Cameron-Reilly Concrete was involved in polishing 11,000 square feet of terrazzo-seeded floor at a middle school long before submitting a bid for the job. The company collaborated closely with the architect and general contractor to ensure specifications were written correctly and the floor would be properly protected.
Having so much influence on the process is a dream scenario for polishers, but it doesn’t happen by accident. Most contractors place and finish or polish concrete, but Cameron-Reilly does both. In fact, the company’s carved a formidable niche in and around Spokane Valley, Washington, by making project delivery a one-stop proposition.

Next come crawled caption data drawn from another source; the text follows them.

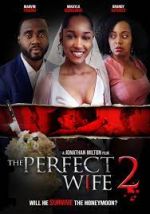 Watch The Perfect Wife 2 123MoviesFree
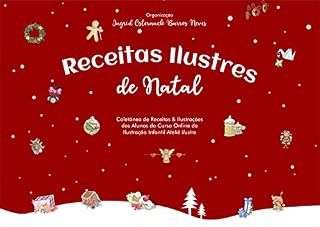 Livro Receitas Ilustres de Natal (Coletânea de Receitas e Ilustrações do Curso Online de Ilustração Infantil Ateliê Ilustre)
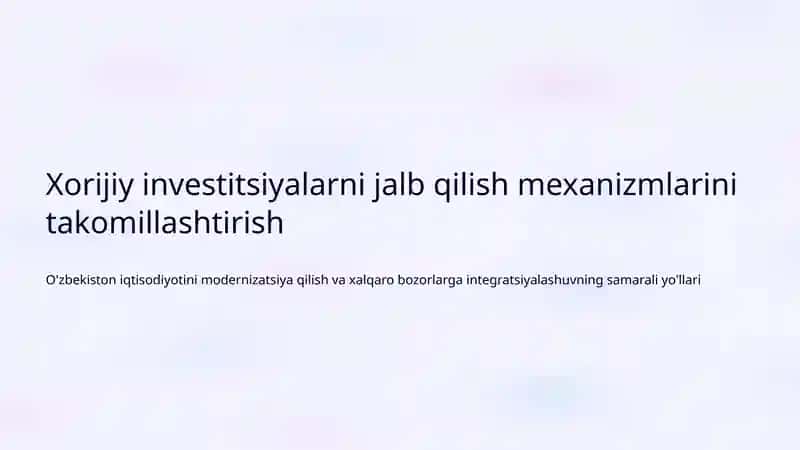 Xorijiy investitsiyalarni jalb qilish mexanizmlarini takomillashtirish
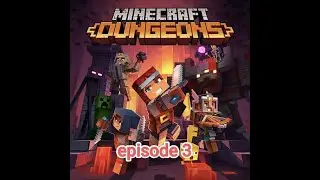 Main Minecraft Dungeons episode 3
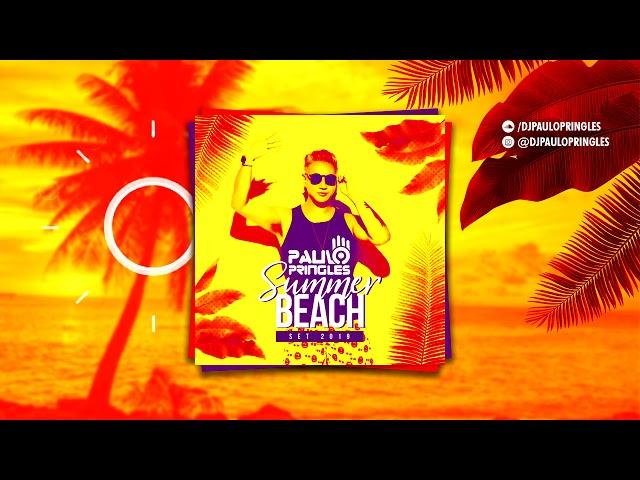 Music Set #18 - DJ Paulo Pringles - Summer Beach Set 2019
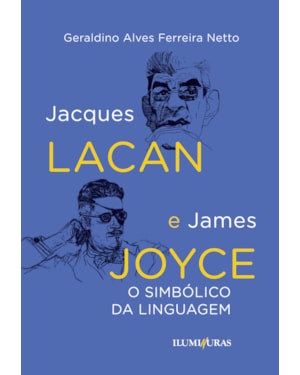 JACQUES LACAN E JAMES JOYCE: O SIMBÓLICO NA LINGUAGEM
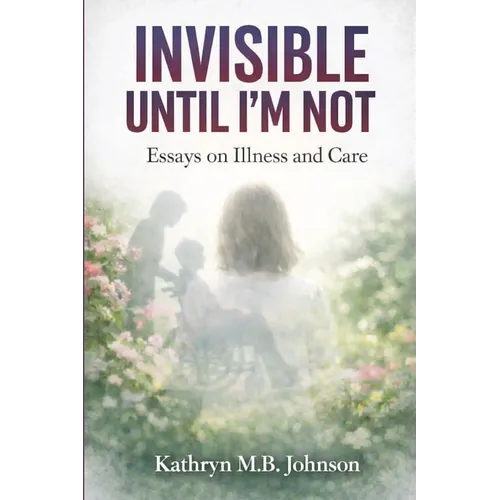 Invisible, Until I'm Not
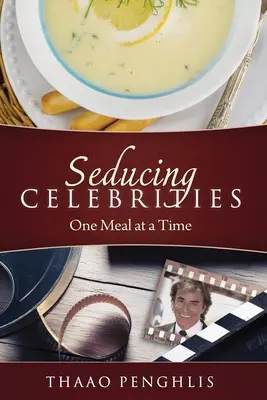 Zvádzanie celebrít po jednom jedle - Seducing Celebrities One Meal at a Time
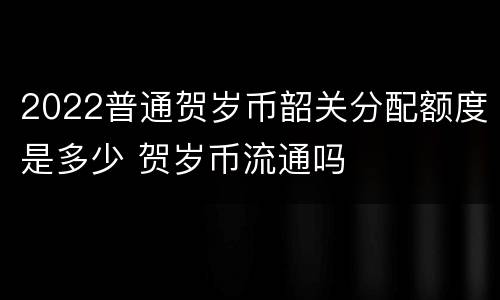 2022普通贺岁币韶关分配额度是多少 贺岁币流通吗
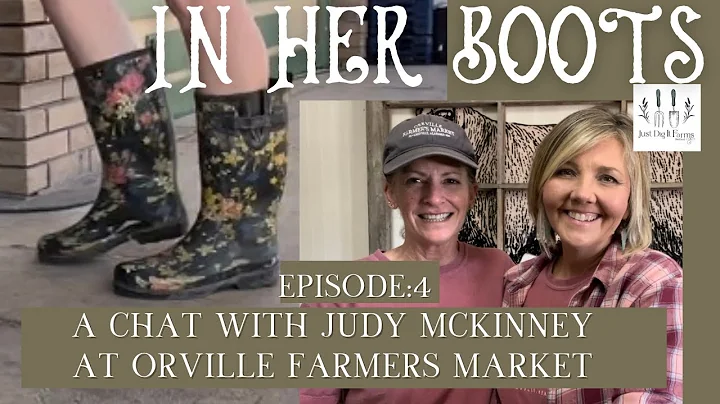 IN HER BOOTS/Episode 4:  A chat with lady farmer, ...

Architects, engineers, general contractors, and potential clients visit the company’s Design Center to build a floor from the ground up. Drawers of actual samples show what different depths of grind, gloss, color, stain, seeded aggregate, and seeded glass look and feel like. An interactive computer station contains hundreds of project photos. Once they identify what they want, the company guides clients through each step in the process, from design to maintenance. That includes helping:
- Architects write specifications that account for polishing
- General contractors develop a schedule that maximizes productivity without jeopardizing the finish when other trades get on the floor
- Clients understand maintenance requirements by explaining what’s involved and being a resource for products, equipment, and periodic restoration.
It’s a brilliant approach to the marketplace, but not surprising coming from a former Associated General Contractors of America president. Mike Reilly, a journeyman cement mason who launched Reilly Concrete in 1999, held that position in 2015. He and Jim Cameron, who owned a curb-and-sidewalks contracting company, merged in 2006 to form Cameron-Reilly LLC. When they bought Meidling Concrete in 2014, the commercial floor and polishing divisions were born.

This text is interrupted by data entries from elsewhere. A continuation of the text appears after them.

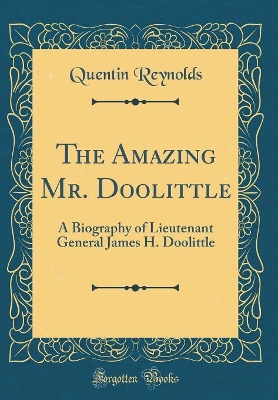 The Amazing Mr. Doolittle: A Biography of Lieutenant General James H. Doolittle (Classic Reprint)
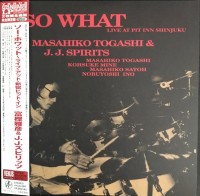 Masahiko Togashi: So What - Live At Pit Inn Shinjuku - Plak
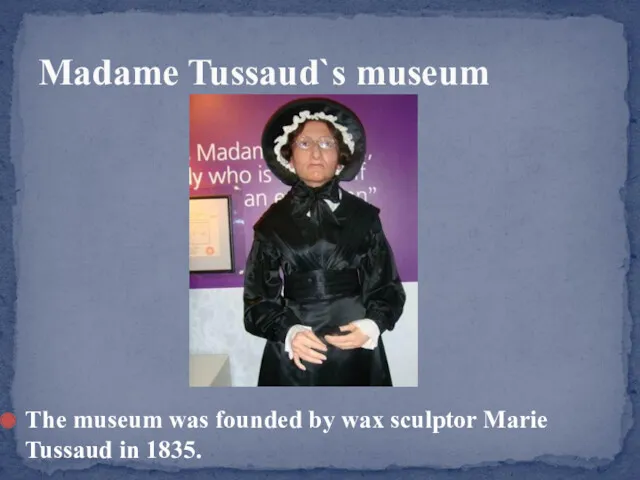 The museum was founded by wax sculptor Marie Tussaud in 1835. Madame Tussaud`s museum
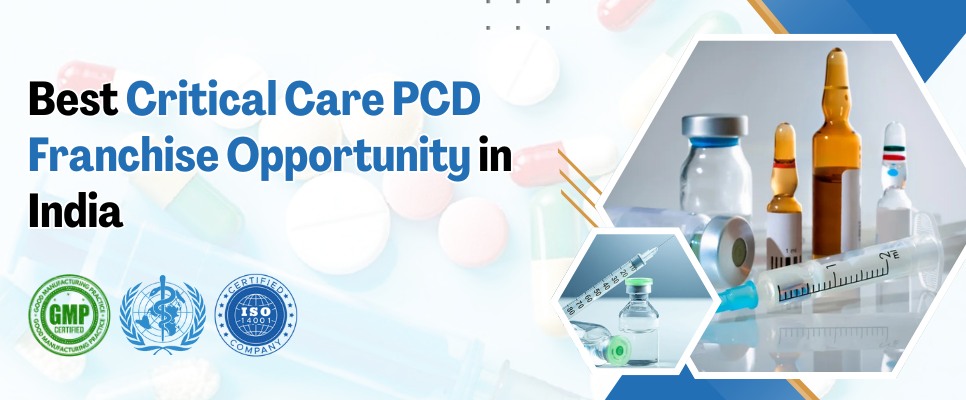 #1 Best Critical Care PCD Pharma Franchise Company in India
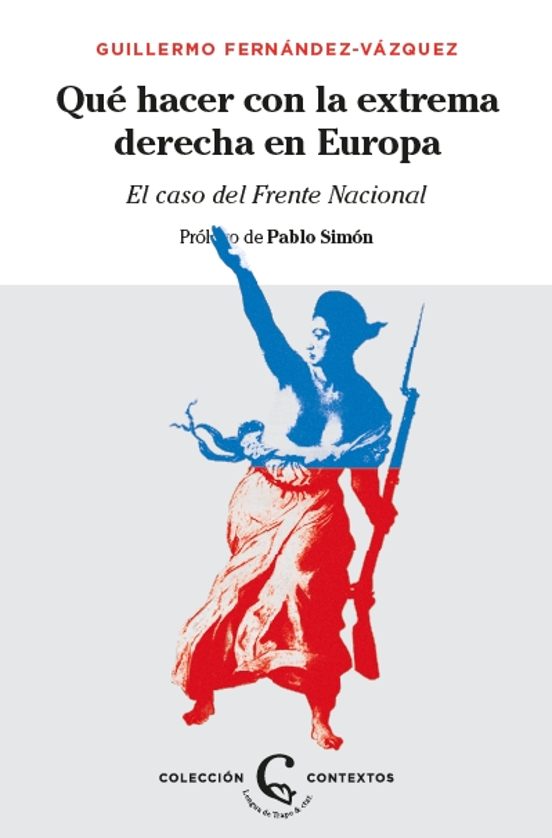 ¿que Hacer Con La Extrema Derecha En Europa?: El Caso Del Frente Nacio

Their approach to the Salk Middle School replacement in Spokane, Washington, earned our 2017 Polished Concrete Award in the Educational Projects category.
Surface Profile Science
Being able to place as well as polish enabled Cameron-Reilly to incorporate quality control measures that are particularly important for terrazzo-seeded floors. Crews’ techniques for applying the seeded terrazzo rock during concrete placement ensure even coverage across the floor and control how deep the rock is embedded in the surface. These fine details are essential at the polishing stage. If not done correctly, sometimes the rock “disappears” in the surface, causing a spotty appearance.

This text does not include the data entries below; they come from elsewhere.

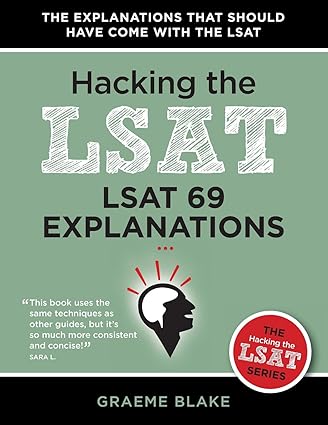 LSAT 69 Explanations: A Study Guide For LSAT PrepTest 69 (Hacking The LSAT Series)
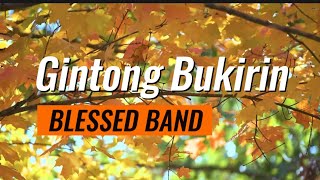 Gintong Bukirin (lyrics) - Blessed Band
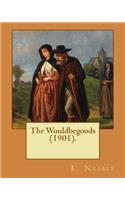 Wouldbegoods (1901). By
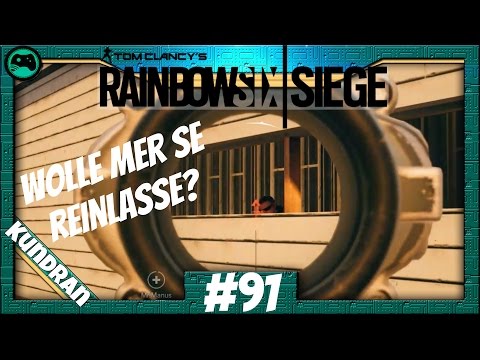 Rainbow Six: Siege #91 | Wolle mer se reinlasse? | Let's Play deutsch/german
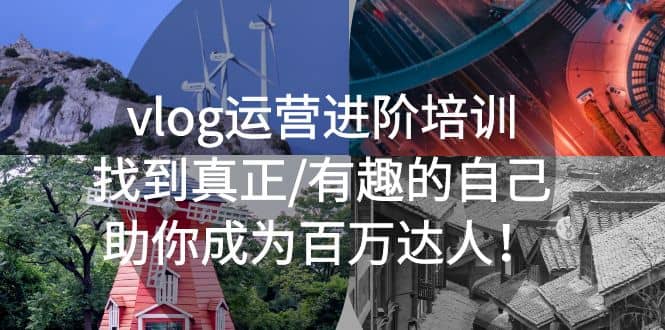 vlog运营进阶培训：找到真正/有趣的自己，助你成为百万达人_网创掘金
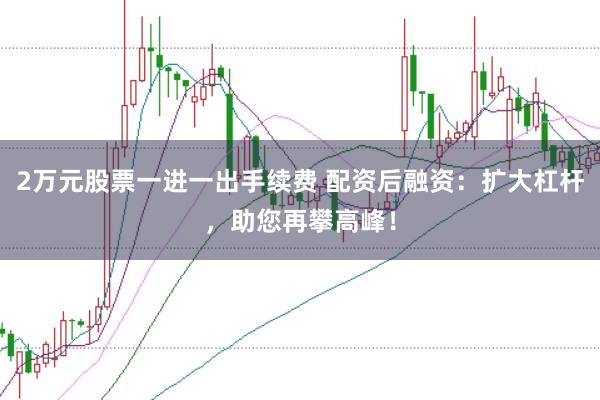 2万元股票一进一出手续费 配资后融资：扩大杠杆，助您再攀高峰！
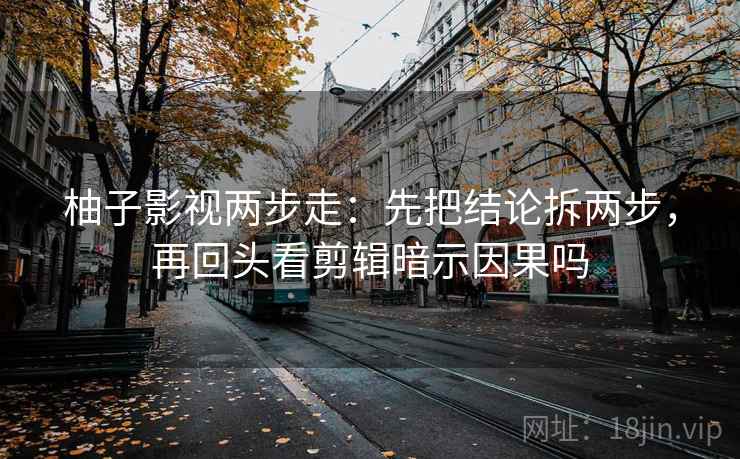 柚子影视两步走：先把结论拆两步，再回头看剪辑暗示因果吗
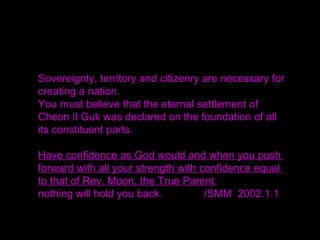 The Nation of Cosmic Peace and Unity (Cheon Il Guk)
needs sovereignty, territory and citizenry.
Thus, the Coronation for God's Kingship last year was
the restoration of sovereignty.
Next, the rallies for the Settlement of God's Fatherland
(Homeland) constituted the restoration of territory.
Then you are to register as the citizens of Cheon Il Guk.
Do you understand?
That is why you must have the Cheon Il Guk identity
cards in order to be its citizens.
 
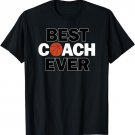Basketball Coach's Best Coach Ever Sports T-Shirt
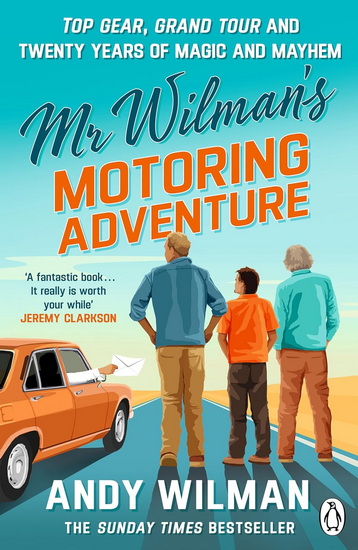 Mr Wilman’s Motoring Adventure: Top Gear, Grand Tour, Clarkson and Me - ANDY WILMAN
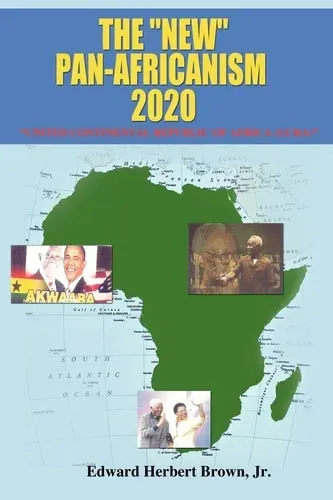 The New Pan-Africanism - 2020 United Continental Republic of Africa (Ucra) (paperback)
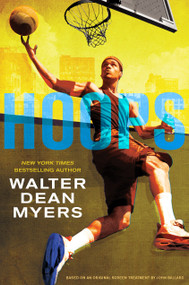 Hoops - 9780307976116 by Walter Dean Myers, John Ballard, 9780307976116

Crews also use Ra (roughness average) meters to guide their tooling selections. Released in 2013, Concrete Sawing & Drilling Association ST-115/Measuring Concrete Micro Surface Texture provides procedures and benchmarks for evaluating finish by surface profile rather than gloss level. A meter equipped with a diamond-tipped contact stylus gauges changes in texture from step to step throughout the process. Because polishing tools are designed to produce a certain level of refinement (texture), readings show the operator when the tool has worked to its maximum potential. A reading of 100 Ra indicates a honed finish; zero indicates a mirror-like finish.
Cameron-Reilly employees have certifications in concrete finishing, machinery operation, and concrete polishing. Between their training and their owners’ business philosophy, success was inevitable.